● WHAT THE EXERCISE ASKS
The records are to be repeated exactly, and any images in them are to be dropped.

● SOURCE INFORMATION
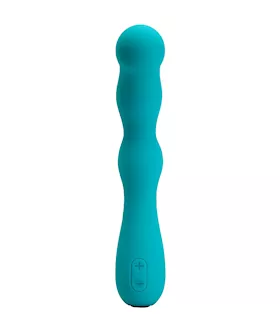 Nu Sensuelle Siren Nubii G-spot Vibrator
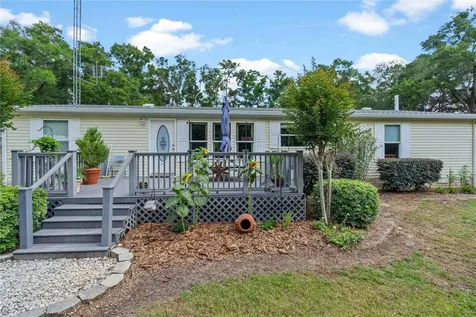 4050 NE 172nd Court Williston FL 32696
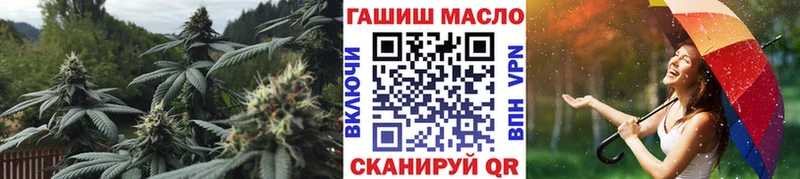 ТГК концентрат  гидра ссылки  Борзя 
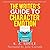 The Writer's Guide to Chara...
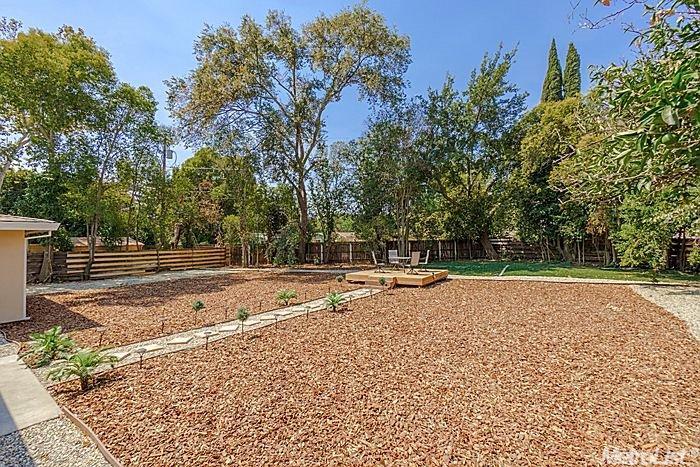 735 N Campus Way, Davis, CA 95616 photo 21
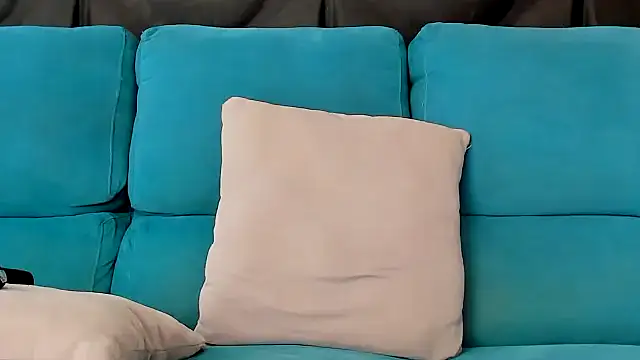 Sami_Hotie1 webcam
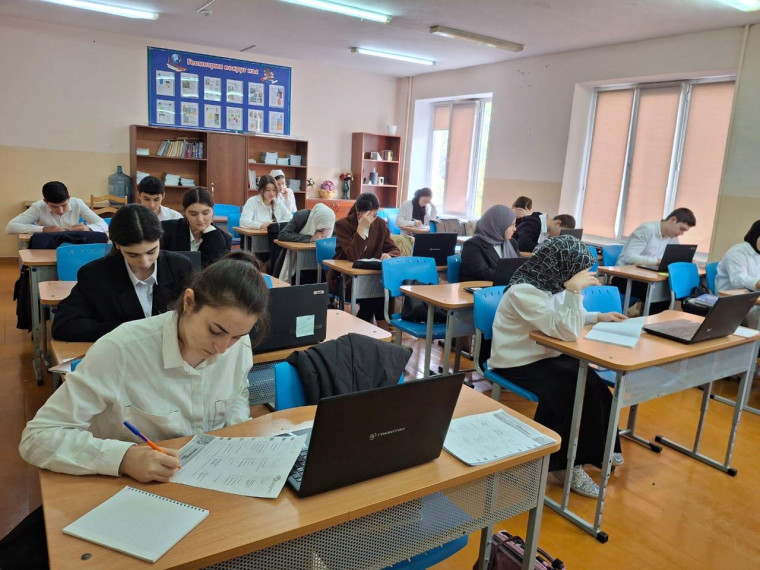ВсОШ.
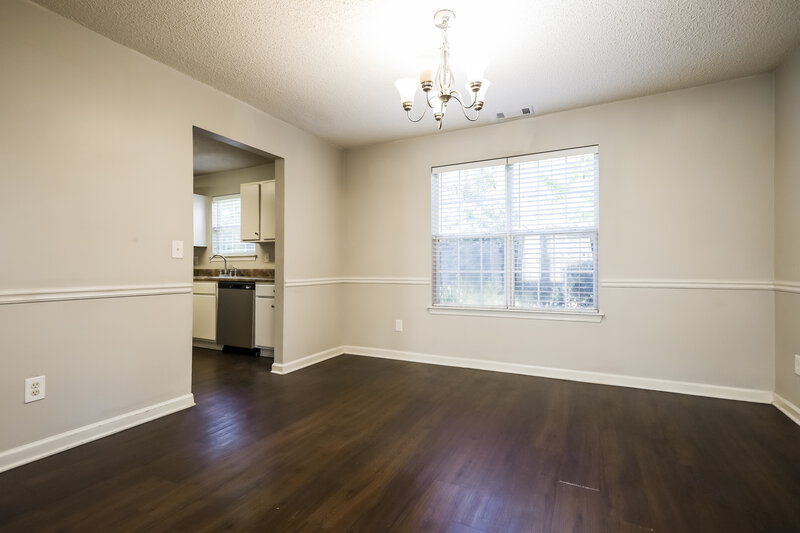 2,350/Mo, 1043 Field View Dr. McDonough, GA 30253 Misc View 3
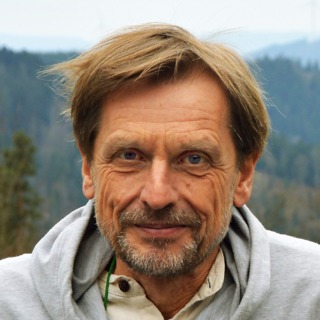 Gustav
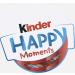 Buy Kinder Happy Moments Mini Mix Bulk Pack - 12 x 162g Worldwide Shipping - Buy Online on GoSupps.com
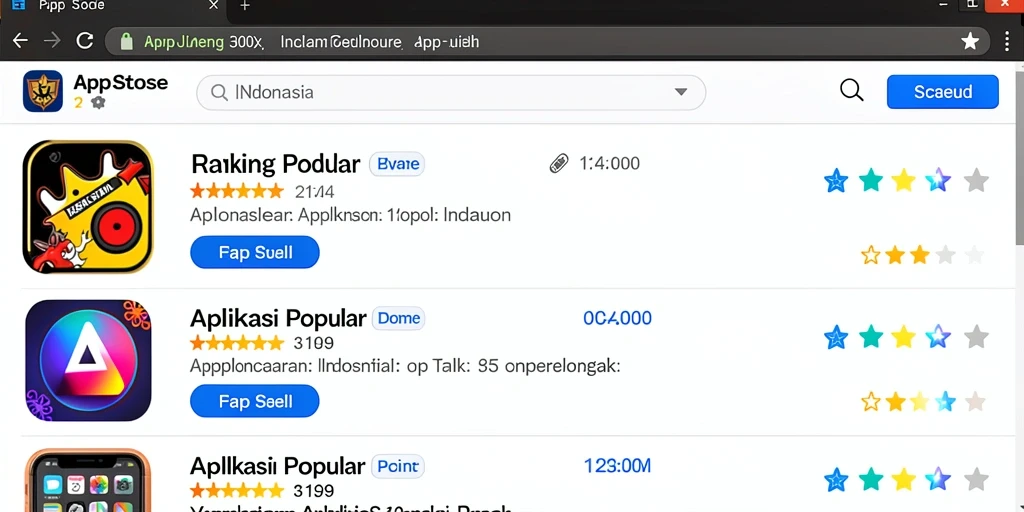 Pembaruan terbaru dengan fitur dan karakter baru.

● THE COMPLETED TASK
 Nu Sensuelle Siren Nubii G-spot Vibrator
 4050 NE 172nd Court Williston FL 32696
 ТГК концентрат  гидра ссылки  Борзя 
 The Writer's Guide to Chara...
 735 N Campus Way, Davis, CA 95616 photo 21
 Sami_Hotie1 webcam
ВсОШ.
 2,350/Mo, 1043 Field View Dr. McDonough, GA 30253 Misc View 3
 Gustav
 Buy Kinder Happy Moments Mini Mix Bulk Pack - 12 x 162g Worldwide Shipping - Buy Online on GoSupps.com
 Pembaruan terbaru dengan fitur dan karakter baru.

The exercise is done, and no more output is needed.